Catheter-related thrombosis in adults with cancer: a secondary analysis of a prospective randomized controlled trial

J Thromb Haemost. 2024 Nov 15:S1538-7836(24)00689-5. doi: 10.1016/j.jtha.2024.11.002. Online ahead of print.

Abstract

Background: Catheter-related thrombosis (CRT) is a complication of central venous access devices (CVADs). Evidence is variable regarding the significance of the side of catheter insertion. The role of the patient's hand dominance in predisposition to CRT remains uncertain.

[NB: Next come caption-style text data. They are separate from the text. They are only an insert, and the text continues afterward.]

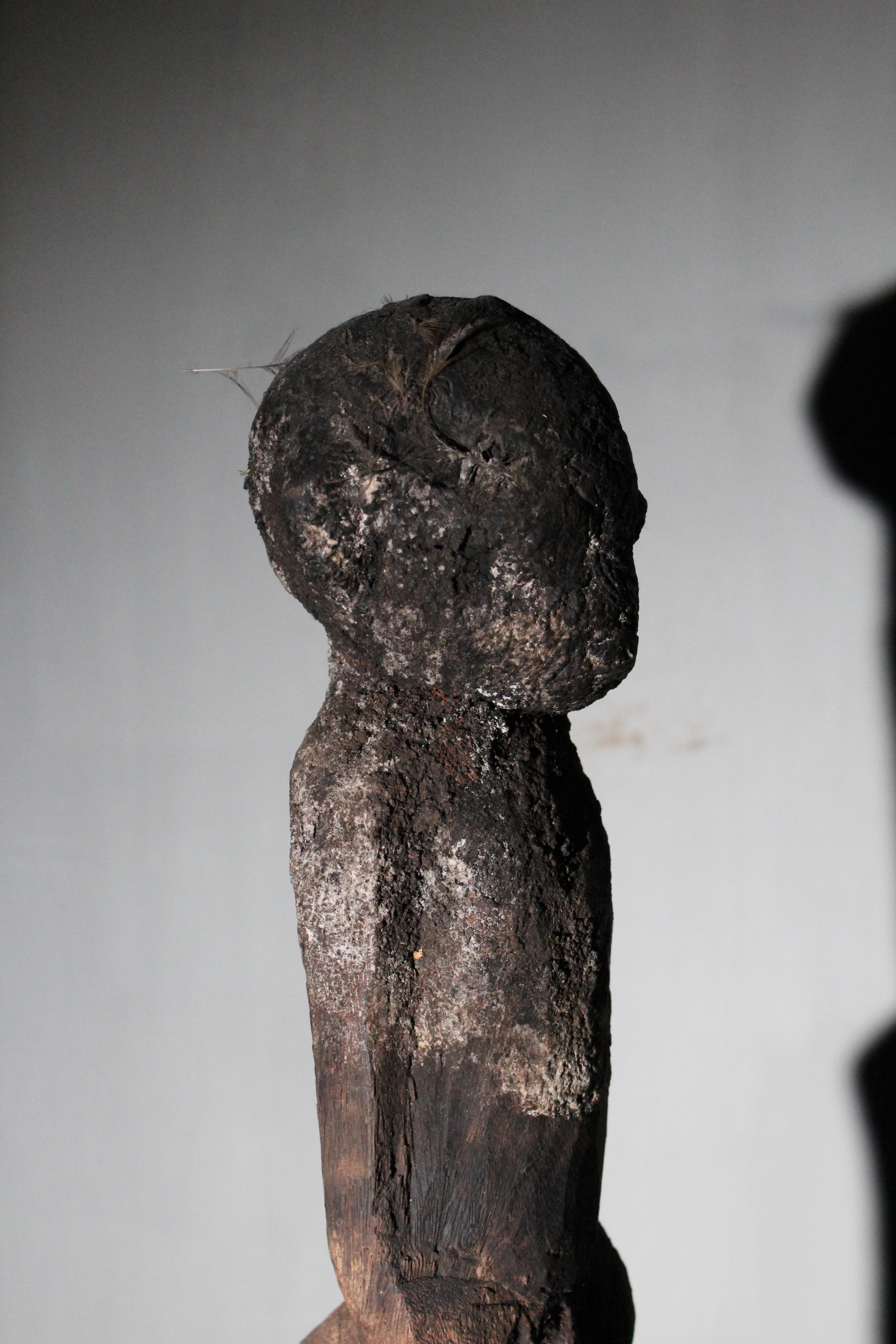 Tribale Figura di palo sacrificale in legno Fon in vendita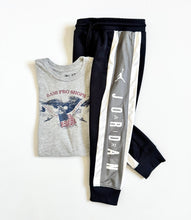 Load image into Gallery viewer, USED Bass Pro Shop T-shirt & Jordan Jogger Pants Set 4/5T (100-110cm)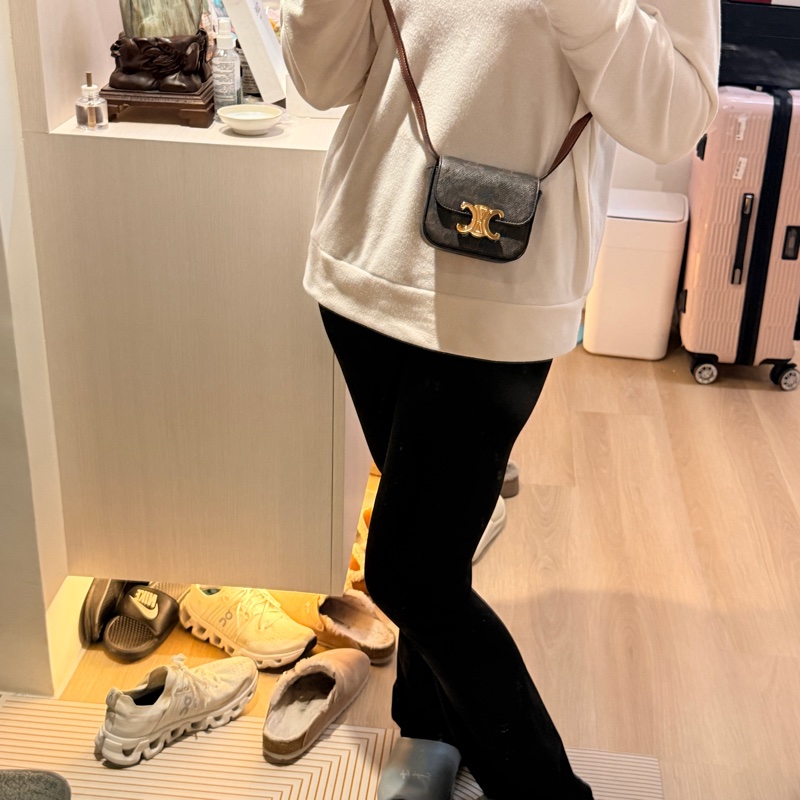 Celine 人手必備 凱旋門 經典小廢包 小包包 斜背包裝可愛 正品!挑戰全網最彿-11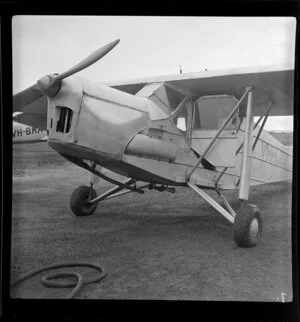Desoutter aircraft VH-UEE at Wollongong and South Coast Aviation Company, New South Wales, Australia
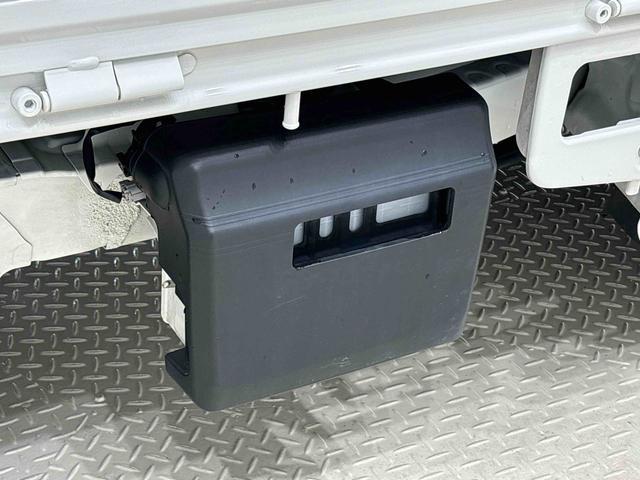 ハイゼットトラック スタンダード 5MT ETC車載器 AM/FMラジオ ハロゲンヘッドランプ 運転席SRSエアバック 電動式パワーステアリング AM/FMラジオ あゆみ板掛けテールゲート スペアタイヤ ガードフレーム(34枚目)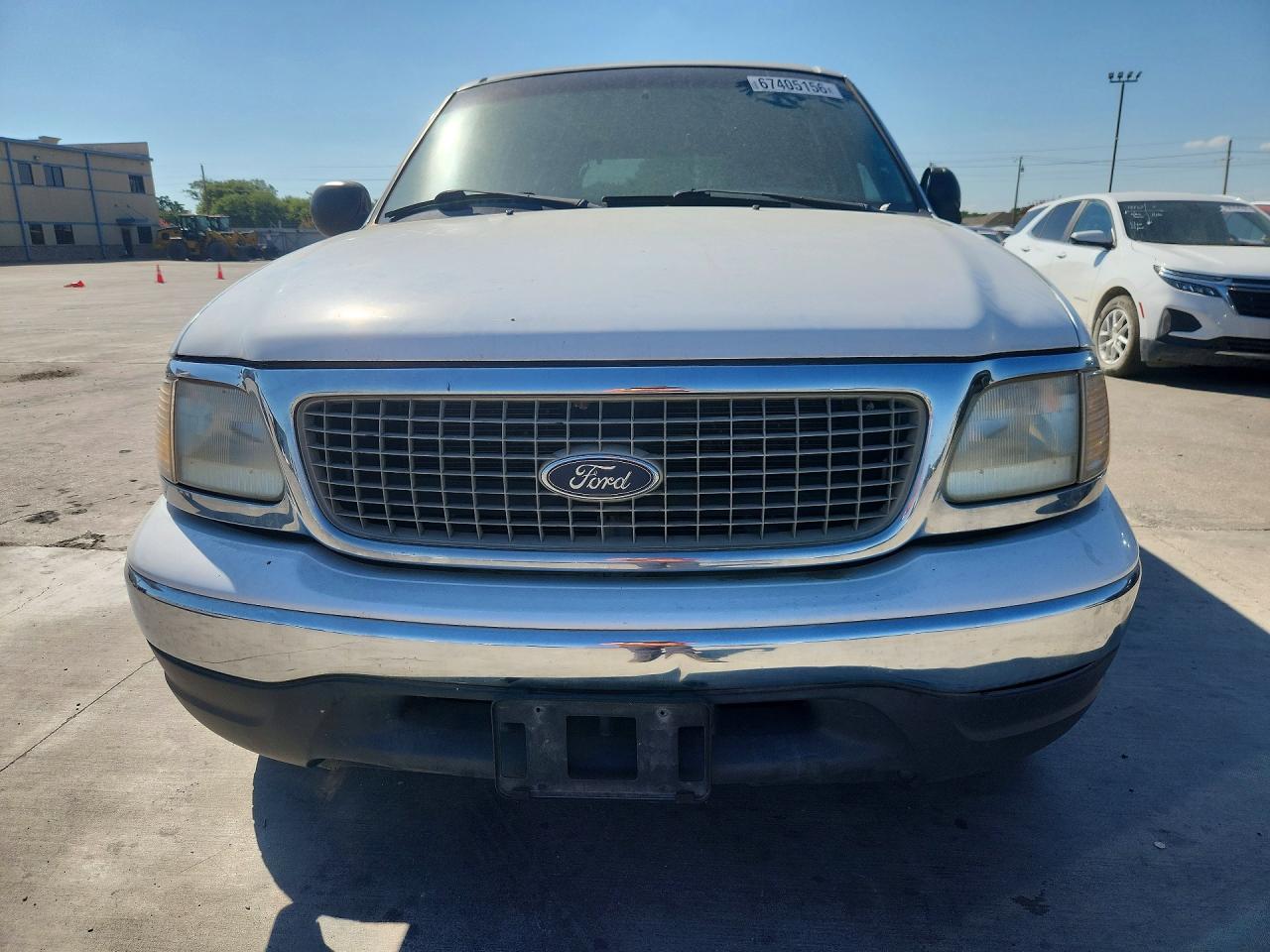 2000 Ford Expedition Xlt White vin: 1FMRU15L2YLB87199
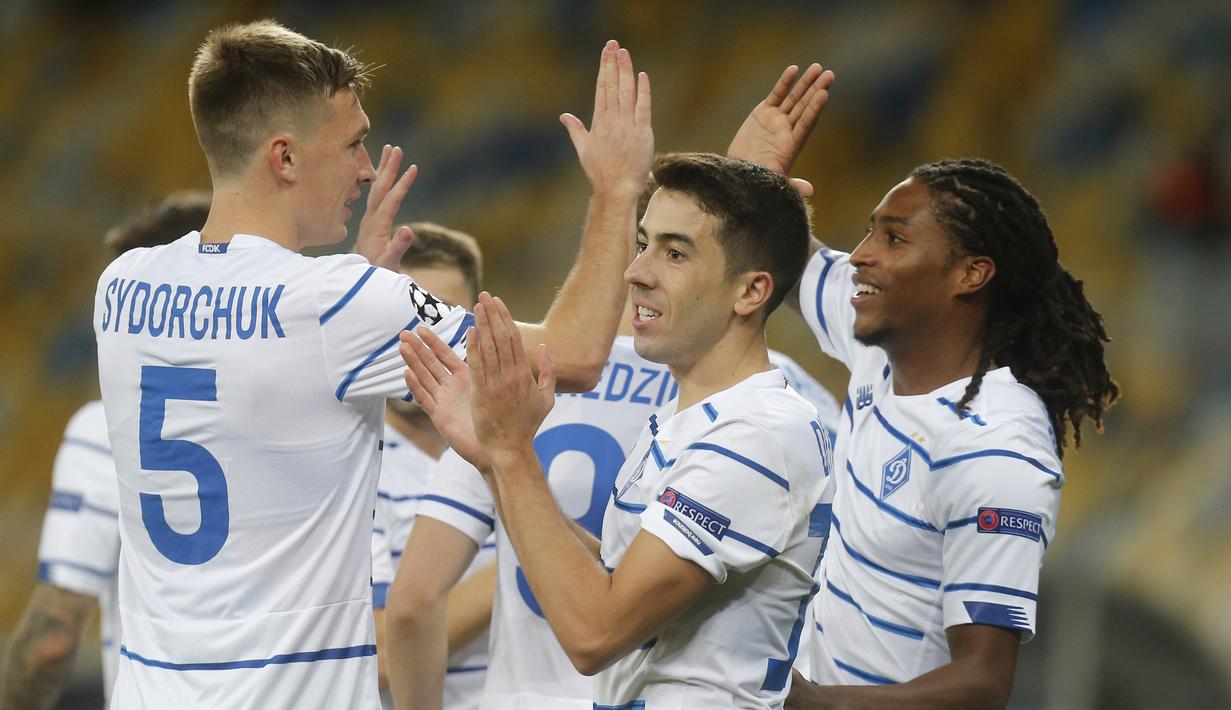 Pemain Dynamo Kyiv merayakan gol yang dicetak Gerson Rodrigues ke gawang Gent pada laga kedua play-off Liga Champions di Stadion Olimpiade Kiev, Rabu (30/9/2020) dini hari WIB. Dynamo Kyiv menang 3-0 atas Gent. (AP Photo/Efrem Lukatsky)
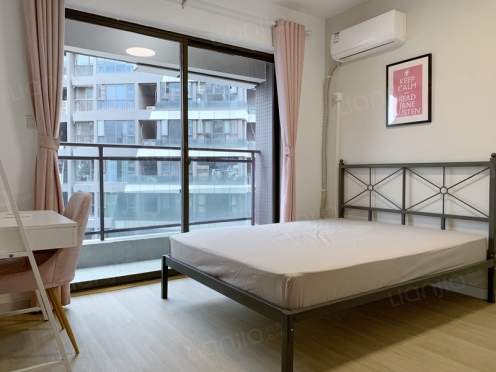 合租·西锦国际三期 4居室 东卧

Objectives: In a prospective randomized controlled trial, adult cancer patients were randomly allocated to either dominant or nondominant side CVAD insertion. The primary endpoint of this trial examined the incidence of catheter-associated bloodstream infection. Here, we report the secondary endpoint of the incidence of CRT.

Methods: Six hundred forty CVADs were randomized to the dominant (n = 322) or nondominant (n = 318) side of insertion. Only symptomatic patients underwent ultrasound imaging to evaluate for CRT.

Results: The median patient age was 58 years, 60% of patients had hematologic malignancies and 40% had solid tumors. CVADs used were peripherally-inserted central catheter line (67%), tunneled CVAD (23%), or nontunneled CVAD (10%). The CRT incidence rate was 0.65 versus 0.82 per 1000 line days in the dominant versus nondominant group (hazard ratio [HR], 1.2; 95% CI, 0.58-2.48; P = .63). There was no significant difference in CRT incidence rate between left- and right-sided insertions (HR, 0.63; 95% CI, 0.30-1.32; P = .22). The CRT incidence rate was lower in right-handed versus left-handed line inserters (HR, 0.29; 95% CI, 0.12-0.71; P = .007).

Conclusion: The rate of CRT was not associated with whether CVAD insertion was on the patient's dominant or nondominant side or the side of insertion. The role of inserter hand dominance requires further investigation.

Keywords: cancer; central venous catheter; randomized controlled trial; thrombosis.